Task >> From the first line to the last, print the material exactly, skipping the pictures.
*** Opening of Collected material ***
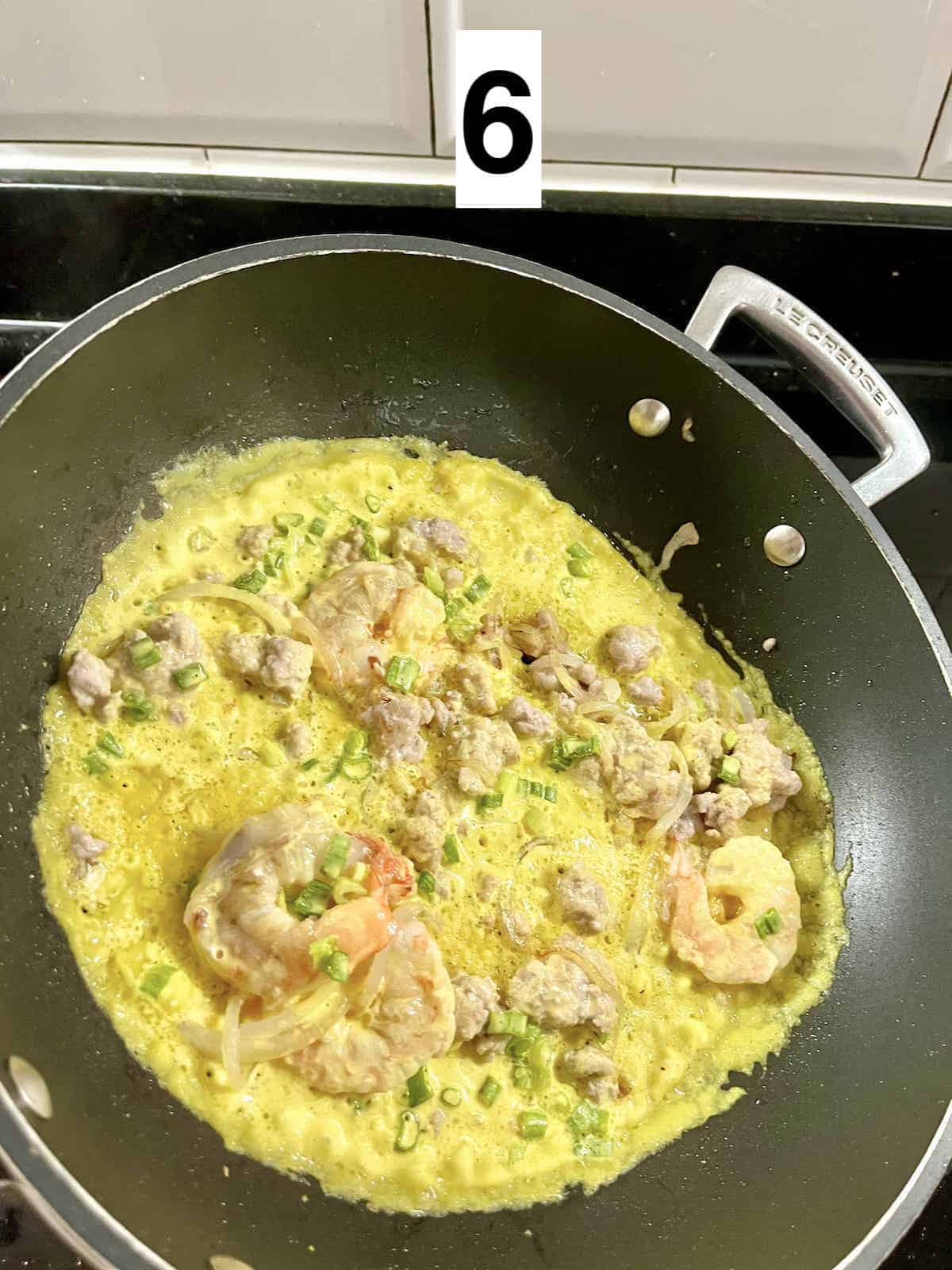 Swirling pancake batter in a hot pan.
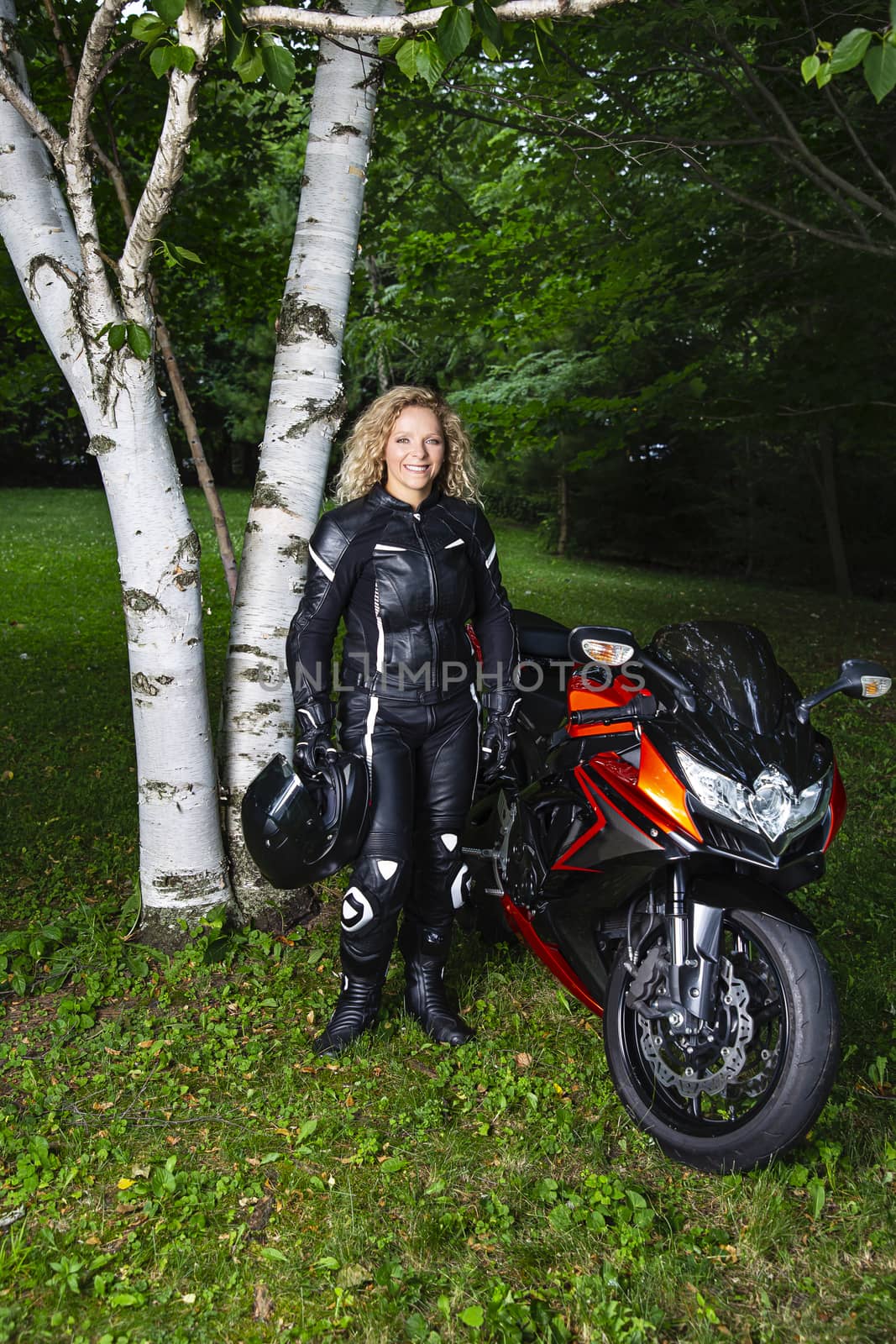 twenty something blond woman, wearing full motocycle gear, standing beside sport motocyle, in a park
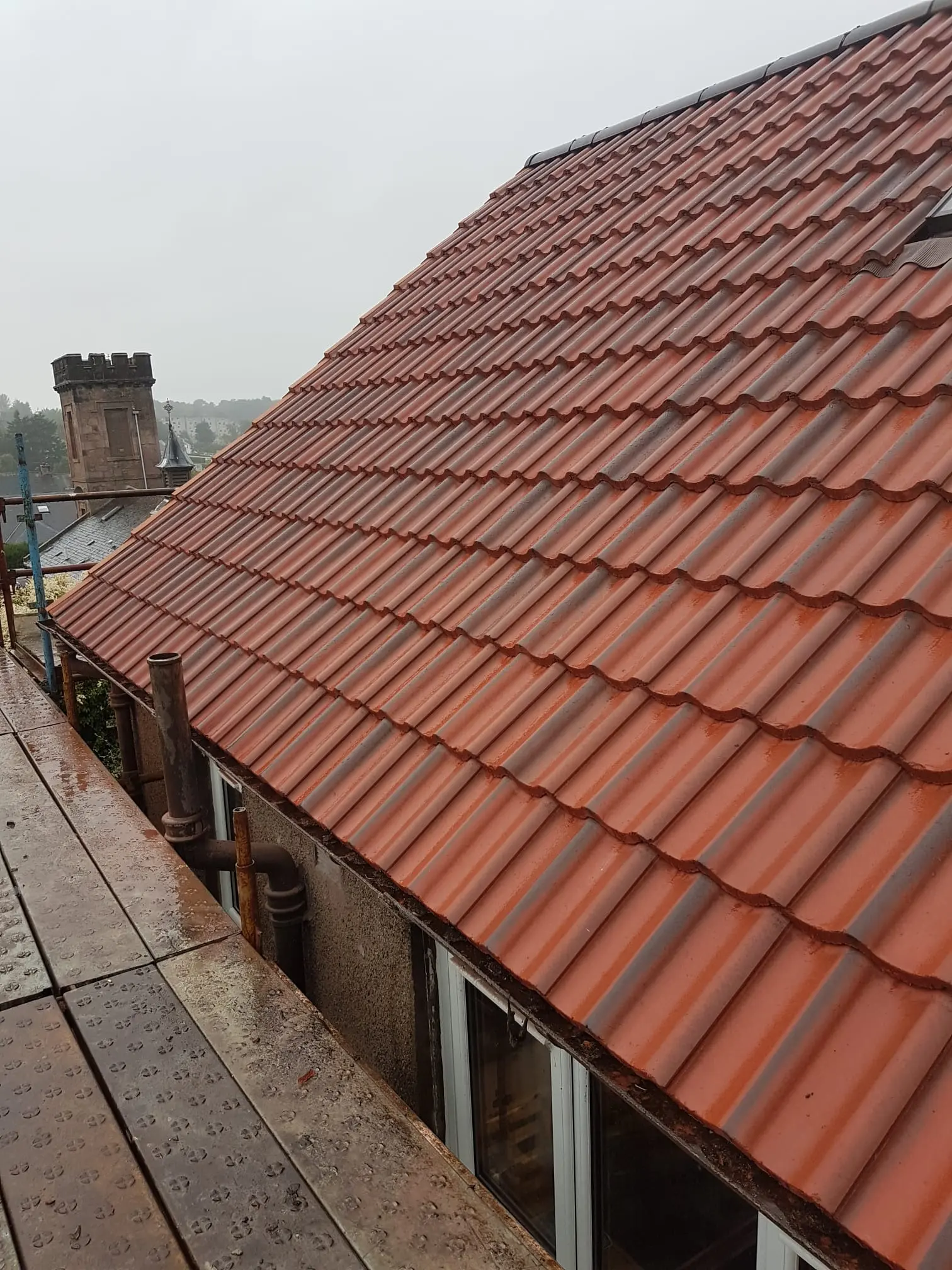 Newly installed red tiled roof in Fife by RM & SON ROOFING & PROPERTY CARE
*** Close of Collected material ***
Answer area >>
 Swirling pancake batter in a hot pan.
 twenty something blond woman, wearing full motocycle gear, standing beside sport motocyle, in a park
 Newly installed red tiled roof in Fife by RM & SON ROOFING & PROPERTY CARE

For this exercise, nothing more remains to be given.